Two people are lucky to be alive tonight.

I was returning home just after midnight from dinner at a friend’s, southbound on I15 past Mercy Rd / Scripps Poway Parkway in San Diego. As I came up out of the ‘valley’, I noticed a car stopped at the Mira Mesa exit lane, in the road or perhaps partially on the shoulder. I was in the slow lane going 65mph. The driver proceeded to pull out, and much to my surprise, continued pulling thru the exit lane and started arcing perpendicular to the road. Inexplicably, they were trying to make a U-turn on the freeway!

I veered towards the fast lanes as quickly as I could, but it was not quick enough. Collision inevitable, I slammed on the brakes and continued angling towards the HOV exit. She – I later found out it was a ‘she’, mentioned only for pronoun accuracy – made full frontal impact into my right-front corner. She was starting her U-turn arc from a partial stop and was probably going less than 20, but my freeway speed had likely only dropped to 45 even with the stomp on the brakes. I’m not sure if I spun or merely bounced, but the impact left me 90 degrees off the direction I was veering, straddling the 2 fast lanes, completely disabled. The engine wouldn’t turn, and neither would the wheels – left side severely toed-in and right tire crumpled into the wheel well.

Amazingly, the other driver continued with their U-turn and then proceeded to limp down the freeway going the wrong direction. At the time of impact, there were few others on the road. But post-collision, traffic started to pick up. As the car disappeared down into the Mercy Rd valley, I was both angry that she was trying to leave the scene (and was apparently going to “get away with it”), and scared for her safety and others as she faced down oncoming traffic.

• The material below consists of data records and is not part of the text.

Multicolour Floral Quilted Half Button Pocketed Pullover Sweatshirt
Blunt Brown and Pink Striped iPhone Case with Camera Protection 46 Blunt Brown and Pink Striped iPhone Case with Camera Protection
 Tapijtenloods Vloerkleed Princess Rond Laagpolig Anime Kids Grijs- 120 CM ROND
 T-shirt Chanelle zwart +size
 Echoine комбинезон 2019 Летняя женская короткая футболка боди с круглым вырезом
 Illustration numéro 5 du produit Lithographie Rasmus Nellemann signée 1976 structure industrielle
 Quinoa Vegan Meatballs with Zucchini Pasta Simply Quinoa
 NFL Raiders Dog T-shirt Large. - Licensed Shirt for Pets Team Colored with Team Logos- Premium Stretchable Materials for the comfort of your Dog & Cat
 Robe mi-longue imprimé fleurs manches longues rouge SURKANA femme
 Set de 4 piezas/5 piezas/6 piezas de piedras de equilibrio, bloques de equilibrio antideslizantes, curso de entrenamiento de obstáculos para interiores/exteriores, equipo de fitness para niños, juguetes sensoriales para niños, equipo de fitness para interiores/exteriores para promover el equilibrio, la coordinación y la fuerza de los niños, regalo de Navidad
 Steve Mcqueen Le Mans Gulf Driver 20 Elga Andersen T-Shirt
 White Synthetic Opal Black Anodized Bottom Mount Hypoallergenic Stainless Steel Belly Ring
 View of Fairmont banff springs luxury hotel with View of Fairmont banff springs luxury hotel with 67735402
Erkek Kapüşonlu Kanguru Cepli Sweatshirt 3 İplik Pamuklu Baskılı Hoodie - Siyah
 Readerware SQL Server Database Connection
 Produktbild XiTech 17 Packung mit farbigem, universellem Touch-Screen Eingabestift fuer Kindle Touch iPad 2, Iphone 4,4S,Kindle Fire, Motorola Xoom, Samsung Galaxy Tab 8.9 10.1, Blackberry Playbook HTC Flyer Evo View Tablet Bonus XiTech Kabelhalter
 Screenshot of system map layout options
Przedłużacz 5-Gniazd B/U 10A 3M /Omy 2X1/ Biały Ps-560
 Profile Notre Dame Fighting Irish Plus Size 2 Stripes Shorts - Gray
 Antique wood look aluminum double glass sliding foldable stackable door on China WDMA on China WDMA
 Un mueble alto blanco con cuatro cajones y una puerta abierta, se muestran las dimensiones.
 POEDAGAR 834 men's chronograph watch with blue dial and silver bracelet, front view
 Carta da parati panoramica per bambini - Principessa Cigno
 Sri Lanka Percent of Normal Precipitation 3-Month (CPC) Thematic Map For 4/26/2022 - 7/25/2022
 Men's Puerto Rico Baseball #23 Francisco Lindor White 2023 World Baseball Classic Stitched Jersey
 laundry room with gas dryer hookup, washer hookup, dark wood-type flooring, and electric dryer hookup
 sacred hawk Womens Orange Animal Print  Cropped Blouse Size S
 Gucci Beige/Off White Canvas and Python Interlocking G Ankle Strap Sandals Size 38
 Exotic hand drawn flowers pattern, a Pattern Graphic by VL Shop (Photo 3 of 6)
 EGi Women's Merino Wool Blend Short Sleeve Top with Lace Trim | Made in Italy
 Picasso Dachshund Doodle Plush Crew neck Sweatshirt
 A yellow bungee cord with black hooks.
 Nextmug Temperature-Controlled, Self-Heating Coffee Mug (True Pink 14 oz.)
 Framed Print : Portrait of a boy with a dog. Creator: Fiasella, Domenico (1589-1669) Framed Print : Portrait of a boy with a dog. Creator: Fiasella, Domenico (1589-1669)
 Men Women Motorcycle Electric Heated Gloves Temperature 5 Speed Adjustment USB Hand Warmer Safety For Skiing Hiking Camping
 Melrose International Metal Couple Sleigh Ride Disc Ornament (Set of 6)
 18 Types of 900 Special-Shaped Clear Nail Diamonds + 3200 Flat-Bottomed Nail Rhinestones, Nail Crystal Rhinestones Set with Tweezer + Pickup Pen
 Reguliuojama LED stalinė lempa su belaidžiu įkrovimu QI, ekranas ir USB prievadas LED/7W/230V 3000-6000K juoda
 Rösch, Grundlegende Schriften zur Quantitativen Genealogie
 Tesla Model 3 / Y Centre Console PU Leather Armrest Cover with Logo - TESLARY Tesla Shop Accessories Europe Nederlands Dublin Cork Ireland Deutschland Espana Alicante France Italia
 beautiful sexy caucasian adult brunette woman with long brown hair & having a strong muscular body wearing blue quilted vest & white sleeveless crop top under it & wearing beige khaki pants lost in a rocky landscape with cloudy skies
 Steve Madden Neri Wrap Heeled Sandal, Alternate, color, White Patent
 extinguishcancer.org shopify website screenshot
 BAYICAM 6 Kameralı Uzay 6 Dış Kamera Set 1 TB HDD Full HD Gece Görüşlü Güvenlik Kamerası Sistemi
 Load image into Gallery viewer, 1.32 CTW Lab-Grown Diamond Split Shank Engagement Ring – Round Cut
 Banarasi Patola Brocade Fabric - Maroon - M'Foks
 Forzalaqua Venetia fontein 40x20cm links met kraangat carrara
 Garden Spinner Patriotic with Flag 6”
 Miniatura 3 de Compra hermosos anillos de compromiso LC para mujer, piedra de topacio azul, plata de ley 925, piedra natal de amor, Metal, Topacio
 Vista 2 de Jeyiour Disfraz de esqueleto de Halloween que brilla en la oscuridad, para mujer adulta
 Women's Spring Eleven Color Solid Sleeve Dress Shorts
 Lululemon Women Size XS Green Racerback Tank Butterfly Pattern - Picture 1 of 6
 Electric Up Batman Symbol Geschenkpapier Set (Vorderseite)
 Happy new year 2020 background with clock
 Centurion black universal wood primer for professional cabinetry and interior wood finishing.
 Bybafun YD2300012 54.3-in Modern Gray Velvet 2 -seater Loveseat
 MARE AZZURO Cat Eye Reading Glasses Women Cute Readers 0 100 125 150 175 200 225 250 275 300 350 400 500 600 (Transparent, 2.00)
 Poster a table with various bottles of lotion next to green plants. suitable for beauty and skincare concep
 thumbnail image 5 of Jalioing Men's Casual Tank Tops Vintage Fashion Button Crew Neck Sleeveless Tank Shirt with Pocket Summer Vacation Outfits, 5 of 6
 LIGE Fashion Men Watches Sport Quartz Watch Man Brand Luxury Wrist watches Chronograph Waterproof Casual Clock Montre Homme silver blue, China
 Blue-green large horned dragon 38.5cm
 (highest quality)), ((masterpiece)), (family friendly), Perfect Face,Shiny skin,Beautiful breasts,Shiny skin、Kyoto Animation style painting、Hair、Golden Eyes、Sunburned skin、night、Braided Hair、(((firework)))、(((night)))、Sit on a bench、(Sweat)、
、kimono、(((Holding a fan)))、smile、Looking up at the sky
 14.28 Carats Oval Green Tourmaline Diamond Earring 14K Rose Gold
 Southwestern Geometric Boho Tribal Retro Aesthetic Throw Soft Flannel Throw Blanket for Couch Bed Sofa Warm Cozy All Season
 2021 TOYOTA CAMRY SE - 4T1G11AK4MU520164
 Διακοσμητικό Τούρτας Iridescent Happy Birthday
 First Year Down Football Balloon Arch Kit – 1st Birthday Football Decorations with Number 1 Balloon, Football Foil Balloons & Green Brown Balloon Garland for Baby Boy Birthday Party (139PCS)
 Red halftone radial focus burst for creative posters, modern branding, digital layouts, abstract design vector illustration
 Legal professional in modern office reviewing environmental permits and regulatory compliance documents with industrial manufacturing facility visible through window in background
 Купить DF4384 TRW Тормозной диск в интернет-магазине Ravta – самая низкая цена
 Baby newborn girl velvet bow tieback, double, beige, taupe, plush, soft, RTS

Once she cleared from view, focus turned to my own predicament. People were emerging from the “event horizon” at high rates of speed, only to frantically swerve when they realized a dead car was in their path. I felt so vulnerable. I turned on flashers, I honked the horn for attention. Should I get out of the car? And do what exactly? Streak across 4 lanes to the safety of the shoulder?!? To my left were the HOV lanes, and plastered across a hood at high speed was not any better of a choice. A passing rice-burner nearly took out the driver’s side door, going 80mph and swerving at the last possible second, so that put an end to any such thought of running. Always stay in your car, they say. They are right.

Thankfully I was wearing a seatbelt. My belongings were scattered by the impact, so I fumbled around looking for my phone. Once found on the floorboards, I called 911 and Police dispatch answered. I feared for my own safety, and I should have said so. Instead, I somewhat calmly stated that I was “on the freeway and…”. That’s all I got out. Once dispatch heard ‘freeway’, they instantly transferred me to the CHP line, which took forever to be answered. While on pseudo-hold, shock of shocks, I watched my new U-turn friend putter down the slow lane – going the proper direction this time – sparks flying from the front end. It reminded me of something straight out of a British sitcom, and if I wasn’t so terrified of being rear-ended at 70mph, I would have laughed.

CHP officers arrived within minutes after the call was eventually answered. Finally the adrenaline stopped pumping. One vehicle ran a serpentine break to stop traffic, while another used his to push mine to the shoulder. (In as much as was possible, given that I was permanently askew with the wheels completely locked.) As a 3rd officer took my description of the accident, I heard on the police radio first a citizen report of a wrong-way driver at Mercy, and then of a disabled car on the Mira Mesa offramp. Thank God she was safe. And thank Justice she did not get away.

And thank the fates of IT as well, because for any other typical Fri night dinner I would have had my dogs in the car. But a network problem had me working late, not able to go home to pick up the pups. They would have been tossed like rag dolls if they had been with me. So that’s more than just 2 lucky to be alive.

My back is slightly stiff, and both knees feel like I strained something trying to do a Fred Flintstone. My right wrist is sore where it was on the steering wheel on impact, and the seatbelt gave me a slight bruise across the ribs. But nothing worth a hospital visit. (The firemen and EMTs on-scene looked so disappointed to not be needed. But seriously, thank you for coming.)

The other driver appeared to be ambulatory as well. Certainly well enough for what looked like a field sobriety test.

What if there were more cars around us at the time of veer & impact? What if I had T-boned directly into her driver’s side door? What if she hit someone else head-on while going the wrong way? What if my lights stopped working when the engine died, providing no warning in the darkness to other drivers? What if someone plowed into the HOV divider trying to avoid me? What if I got slammed while disabled in the fast lane? My mind is racing with all the bad things that could have happened, but didn’t. This was a potential jaws-of-life situation in the making, a lead story averted on the nightly news. Tonight was bad, for sure. But not as bad as it could have been. Amen. Hallelujah.